Important Art by Alfred Maurer
Painted in a style heavily influenced by Whistler, this work was a critical success for Maurer, winning the gold medal at the juried Carnegie International exhibition in 1901. Even the title reflects the influence of Whistler and the Aesthetic movement, as it suggests a musical composition and the close tonality of a subdued palette. The subject of the painting, a young woman set in a fashionable japoniste background, is less important than the abstract quality of the loose brushwork and harmonious shades of brown, gray, and black. The effect is a meditative mood that is created by the painterly qualities of line and color.

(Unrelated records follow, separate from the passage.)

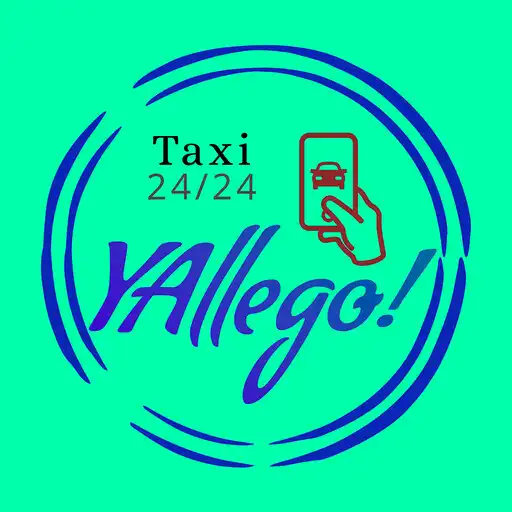 Play YAllego! APK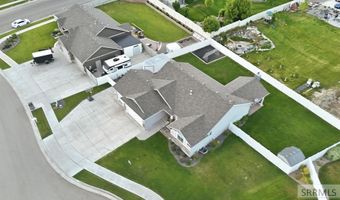 5523 Lakefield Cir, Ammon, ID 83406
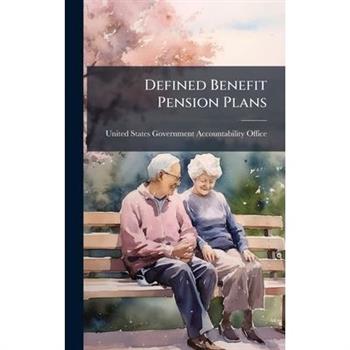 Defined Benefit Pension Plans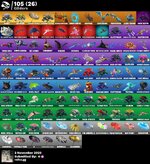 Messenger_creation_201A694D-9583-4338-BDD5-08424DA3435F.jpeg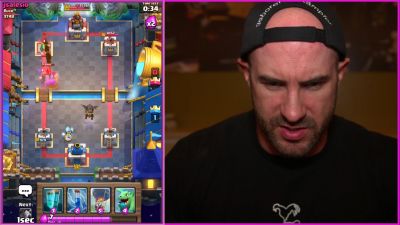 F-A-B-U-L-O-U-S21_GREAT_BALLS_OF_FIRE_DECK_with_FIRE_SPIRITS_SQUAD212121_--_Clash_W_mp40271.jpg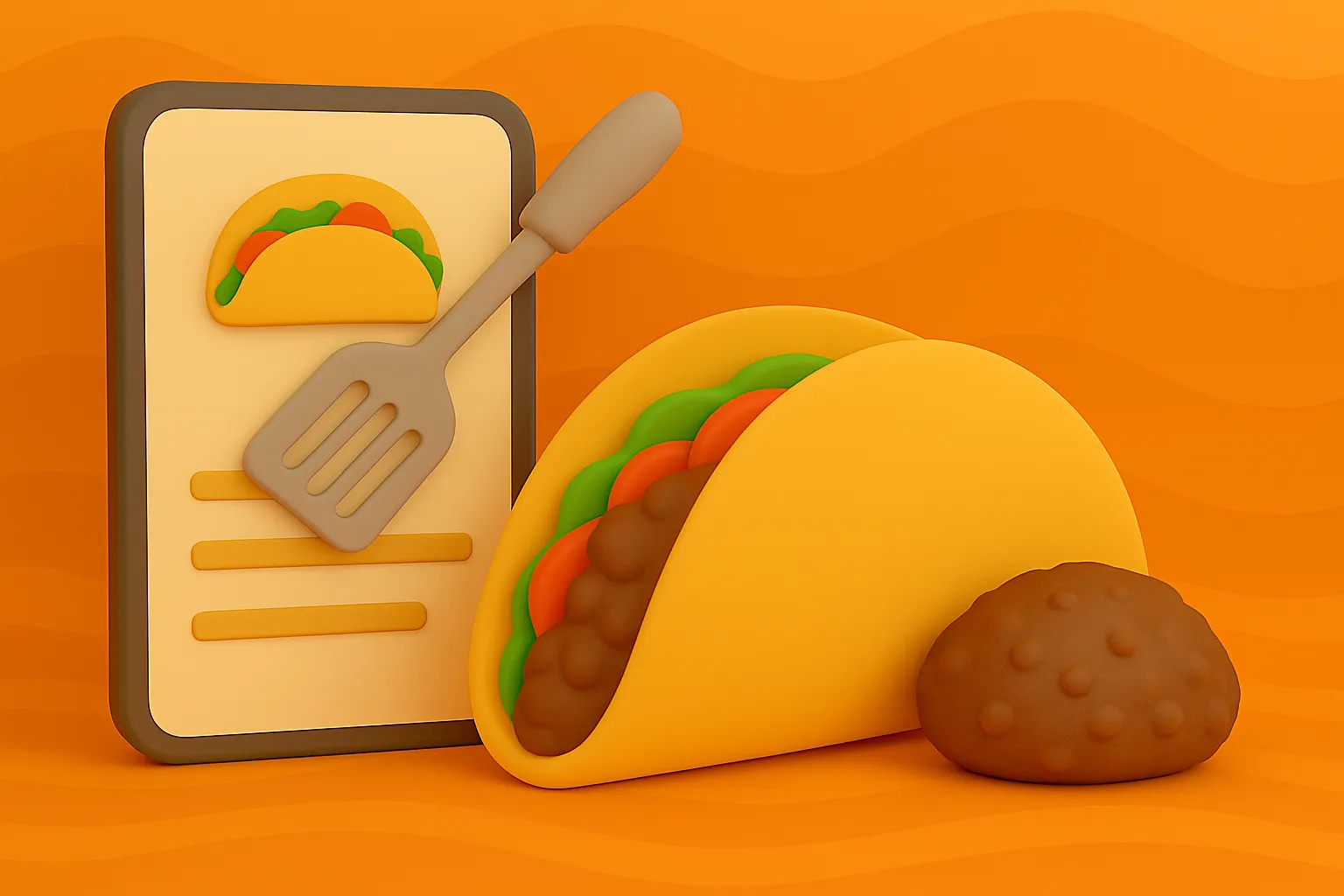 Tacos Packed with Flavor: 10 Best Meat Recipes to Try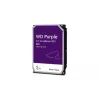 Western Digital WD22PURZ vidinis kietasis diskas 3,5 colio 2000 GB Serial ATA
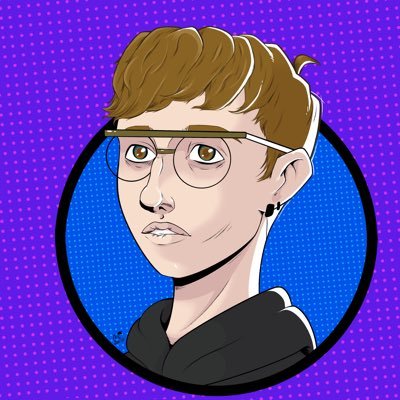Ale Wnuk Cartoonsさんのプロフィール画像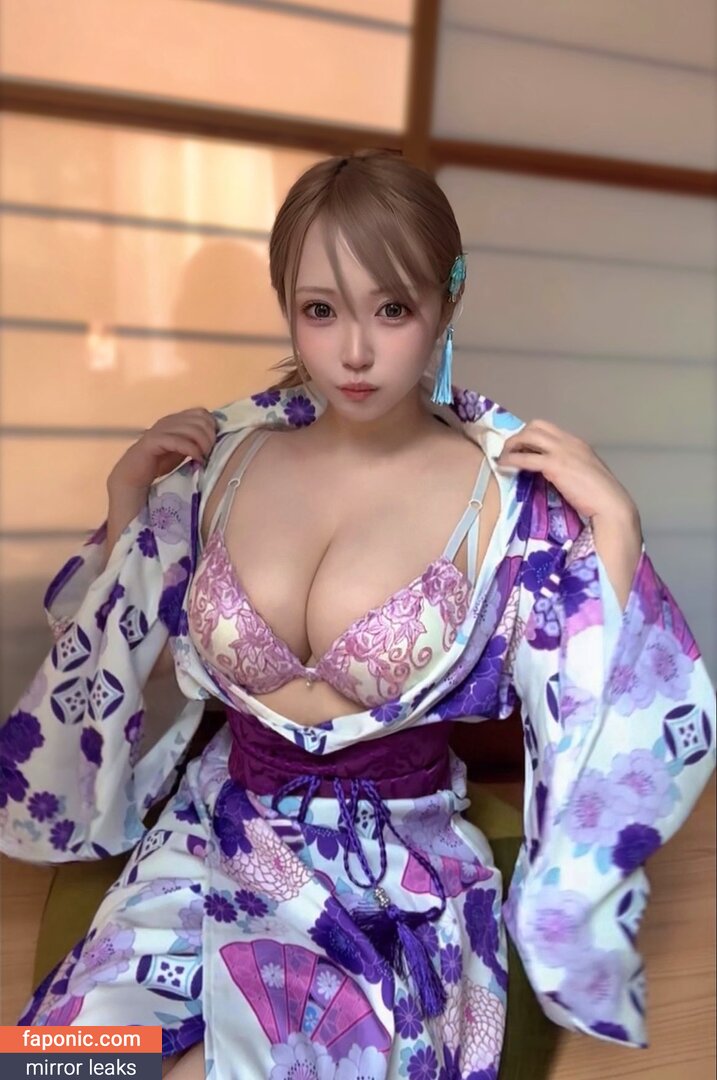 ____chan_chan_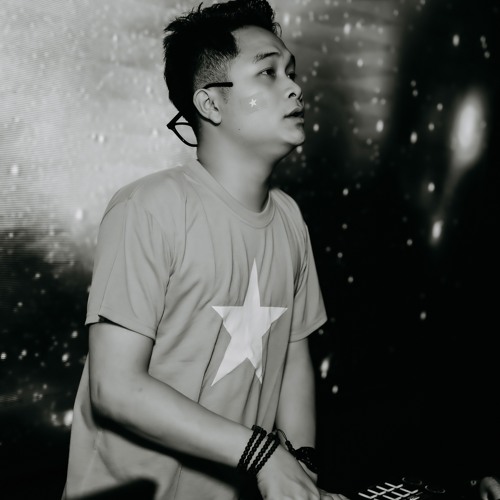 NST 2024 ANH SE LUÔN THẬT GÂN NHẠC PHONG BAY MỚI NHẤT VOL.20 <TÔM MUZIK>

With bold compositions such as this, Maurer quickly became the most famous American Fauve artist, incorporating the bold colors, abstract forms, and flat space of that style. Rather than using color descriptively, he now embraced its suggestive and emotional potential, using unnatural tones to create a sense of energy or mood. He believed this mode of abstraction conveyed the true essence of his subject. Here, he skillfully balances the bold, gem-like, shades of blues, greens, reds, and yellows, to create flat planes of color that both describe the subject and create a flattened, decorative design. Sending his work back to America for exhibitions, he was an important influence, spreading the theories of Fauvism and the potential for abstract art to artists and audiences in the States.

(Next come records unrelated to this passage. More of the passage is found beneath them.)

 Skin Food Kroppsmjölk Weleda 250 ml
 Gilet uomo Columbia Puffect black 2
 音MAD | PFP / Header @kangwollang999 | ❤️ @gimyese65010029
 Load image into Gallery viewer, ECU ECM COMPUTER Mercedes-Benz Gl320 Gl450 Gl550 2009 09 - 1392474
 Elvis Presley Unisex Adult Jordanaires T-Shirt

Around 1919, Maurer began two series, Girls and Heads, to which he would return until the end of his life. He adopted a relatively standard format, positioning his sitters alone or in small groups, most often in a simple frontal pose and three-quarter length. The series progresses from fairly representational and naturalistic depictions to more stylized and abstractions renderings. Although they tend to have generic features, they were based on models.
Influenced by a general return-to-order in the postwar years, these paintings convey classicism in both their traditional subject and their calm approach to figuration. They reconnect to the realist paintings that had originally established Maurer's reputation, but break from his earlier illusionism to incorporate a range of primitive, Renaissance, and modernist influences. Critics considered them as "modern madonnas" and noted their Byzantine elongations of the female body; their deliberate awkwardness was celebrated as a powerful interpretation of non-Western masks and carvings.